> **Your objective**: Please transcribe exactly the lines from the line holding "Hüttenkäse in einer" through the end of the data below, and skip any pictures.

> **Supplied information**:
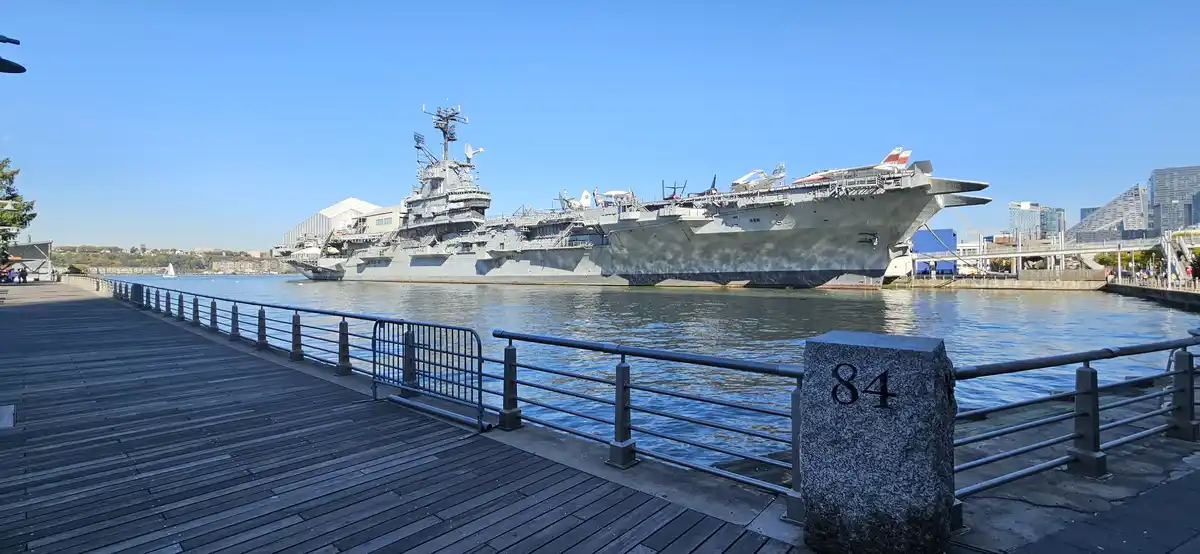 A wide shot shows a large gray aircraft carrier docked in a harbor under a clear blue sky, with a wooden boardwalk and metal…
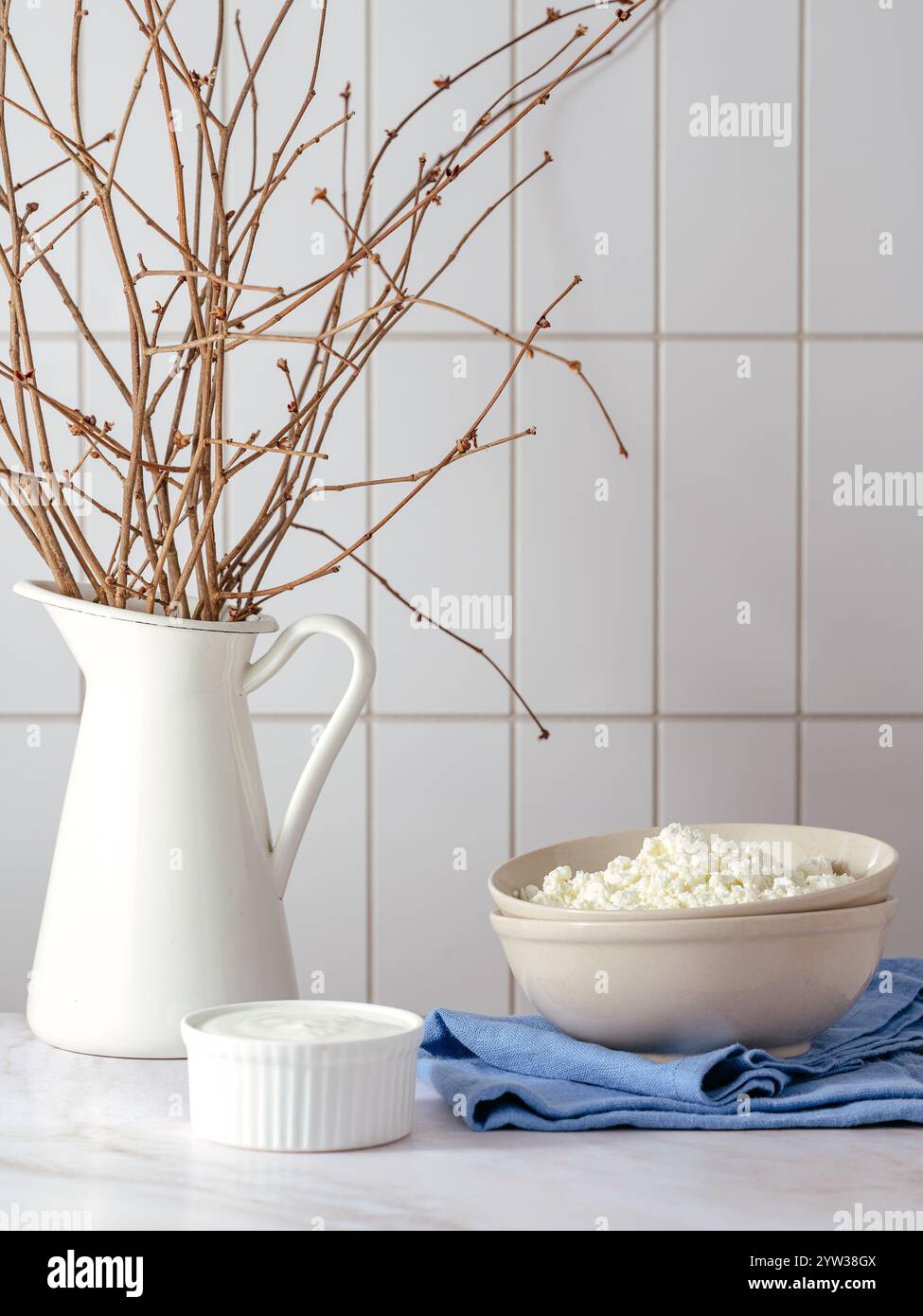Hüttenkäse in einer Schüssel auf dem Hintergrund einer hellen Küche Stockfoto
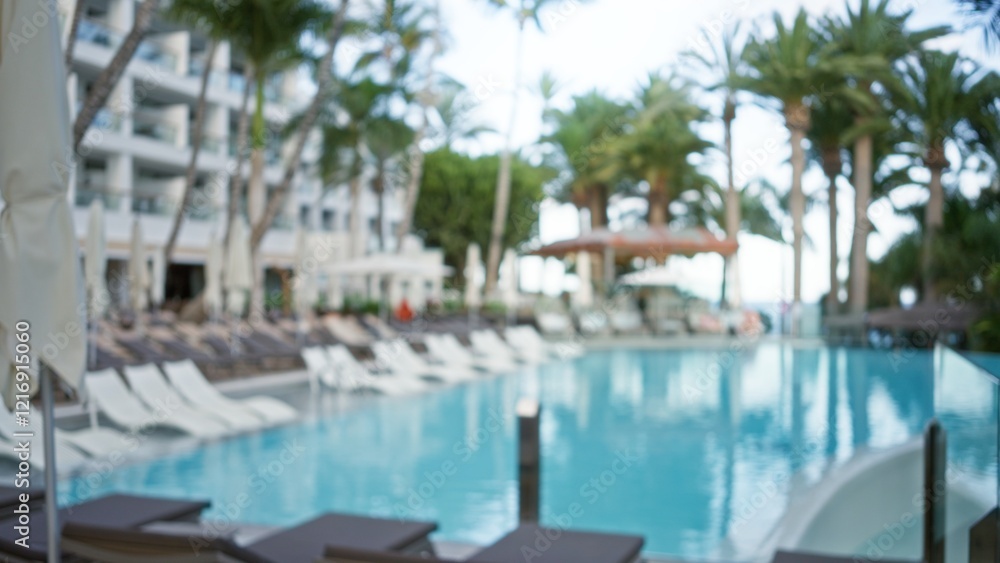 Blurred tropical resort pool area with palm trees and lounge chairs in the background, creating a vacation bokeh effect Blurred tropical resort pool area with palm trees and lounge chairs in the background, creating a vacation bokeh effect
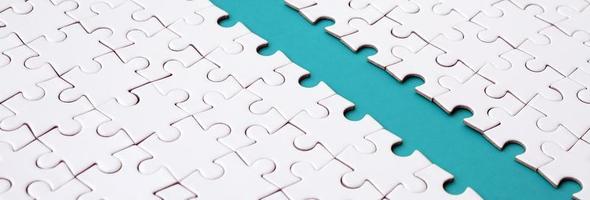 The blue path is laid on the platform of a white folded jigsaw puzzle. Texture image with copy space for text photo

> **Response area**:
Hüttenkäse in einer Schüssel auf dem Hintergrund einer hellen Küche Stockfoto
 Blurred tropical resort pool area with palm trees and lounge chairs in the background, creating a vacation bokeh effect Blurred tropical resort pool area with palm trees and lounge chairs in the background, creating a vacation bokeh effect
 The blue path is laid on the platform of a white folded jigsaw puzzle. Texture image with copy space for text photo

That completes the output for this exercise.